THOUGHTFULLY DRIVING THE PORCELAIN BUS

A Column by John S Schroeder

Click here to see our past musings

March 16, 2002

I have spent a lot of time talking about what I don’t like in church. Probably time I talked about what I do like. Some of these are things that a church SHOULD be (as in scriptural mandates) and some of these are things that I just like. I am going to tell you the distinction exists, but that's all. It's up to you to figure out which is which in the rest of the column. I have experienced all of these in a church at some point. But alas, I have experienced them in only a transitory fashion -- sometimes even fleeting. The key question is not how to create these situations, but how to hold on to them. Maybe you have an answer?

Home

Maybe a better word for this attribute than "home" is "retreat," but then again, maybe not. I very much view my life as a Christian sort of like a rechargeable battery. I receive power from the Lord, and then I use that power to further His Kingdom. Church is the place where I receive the power -- the rest of the world is the place where I use it. Thus, church should be a place where I go to experience God. For me, this means a place of beauty, and a place of rest.

One of the reasons I complain so about the institutional nature of church is that that institution seems to take so much of the energy I receive, there is none left to use out in the world. That is one of the reasons I am convinced the church is not working very well. If the church is working well, I would come away from it feeling invigorated.

Challenge

As the place a Christian calls home, church should also be the place where a Christian's faith grows. Growth in the faith is a somewhat indefinable thing. Like the wind, I am not sure it is something one can touch directly, but it is something the affects of which can be readily noticed. This is a particularly important attribute because of what it says about the current debate in so many churches about making them "appealing." Because "appealing" so often gets read in a way that equates to worldly conformity, I think it misses this important point. Most people, Christians included, feel best in a place that affirms the way they are, not asks them to learn to be something different.

You might wonder how church could be "home" and challenging at the same time. There are really only two conditions under which it can be. One is that I, as the church attendee, need to have that challenge as a value. If it is something I value, it will be something I like. Thus, probably the first lesson a new Christian needs to learn is the value of the challenge. The other condition is that the challenge be offered in the correct manner. I wish I could describe exactly what that correct manner was, but I can't. But if you think back on your school experience I bet you can remember a time when you were struggling with something, and your teacher helped you with it, and you got it, and you felt good. That's the right manner. Likewise, I bet you can think of the same thing where the teacher tried to help and all it caused you was further frustration. That's the wrong manner.

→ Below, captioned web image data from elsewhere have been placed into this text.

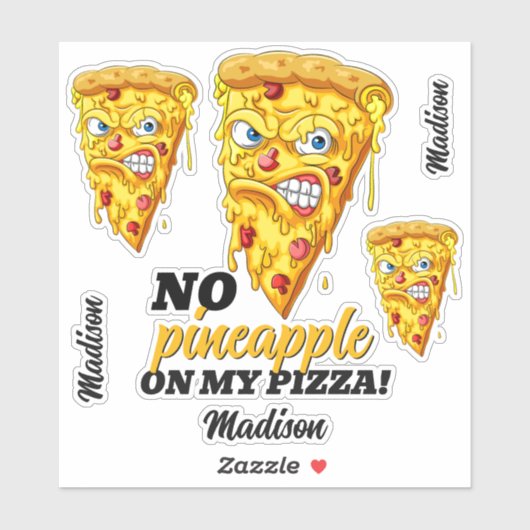 Aangepaste naam en ingrediënt Angry Pizza Sticker (Vel)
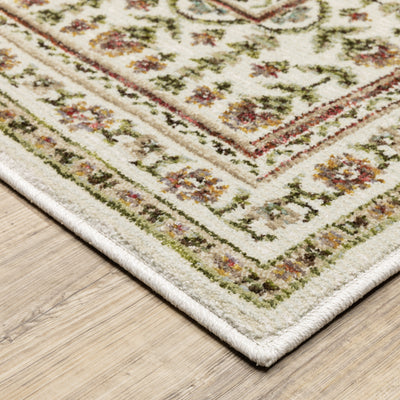 Andorra 3717A Ivory/Red Area Rug, ivory red modern traditional area rug with vintage-style pattern and detailed soft pile.
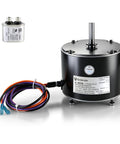 Solid Condenser Fan Motor 1/6 Horsepower 208 To 230 Volt 1075 Rpm with capacitor for HVAC replacement.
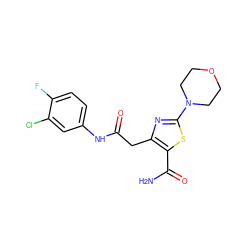 NC(=O)c1sc(N2CCOCC2)nc1CC(=O)Nc1ccc(F)c(Cl)c1 ZINC000103243880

Church should be the place where our relationship with God grows in every aspect. Church should be a vital instrument in that growth.

Inviting Leadership

The greatest frustration of my Christian life in the last several years has been the abiding sensation of "there has to be something more." I want to learn more, I want to experience more, I want to be closer to God, but I can’t seem to find anything that I haven't tried before or heard before. "Well gee John, if that's the way you feel, why don’t you go to seminary?" Because, I don’t want to know more church history, or polity, or Greek, or Hebrew, or theology -- I want to know GOD!

I am reasonably confident that the way to what I want lies in the kind of self-sacrificing focus on God that I have discussed in this space before, and I do my very best to have that focus. I read and listen to many people that tell me about that particular path. But I always have the sensation that they are giving me directions, like the guy at the gas station. I don’t want Christian leadership in the Church to tell me where to go I want them to invite me in. Or at least I want them to walk the path with me.

Yes, this means I expect a great deal of those that take up the mantle of leadership in the church. I do so unashamedly.

The Presence of the Spirit

Boy, this one is slippery. So often when conducting the business of the church, I feel exactly like I feel when I am sitting in business meetings on my job. YUCH! I want to know when I am doing something in church, that I am doing something very, very different. When I sit in church meetings, I want an undeniable, overwhelming sense that the Holy Spirit is sitting in the meeting as well. I could write books describing the sensation, and never pin it down. Suffice it to say that when the Holy Spirit attends, things seem to work like magic.

A Radically Different Place

The bottom line is this -- God calls and empowers us individually, and corporately, to give up our sinful, worldly nature and pick up the glory that He originally created us to have. I am not sure it is within my capability to even envision exactly what I, or the church, am supposed to look like, but I do know it will something radically different. I want church to be that radically different.

EDITORIAL NOTE: Next week finds my wife and I traveling. That means no new column next weekend, but look for my return the following weekend. We will be enjoying the frigid northland of Minnesota. Pray for my wife that she does not die from lutefish, sausage, and beer overload.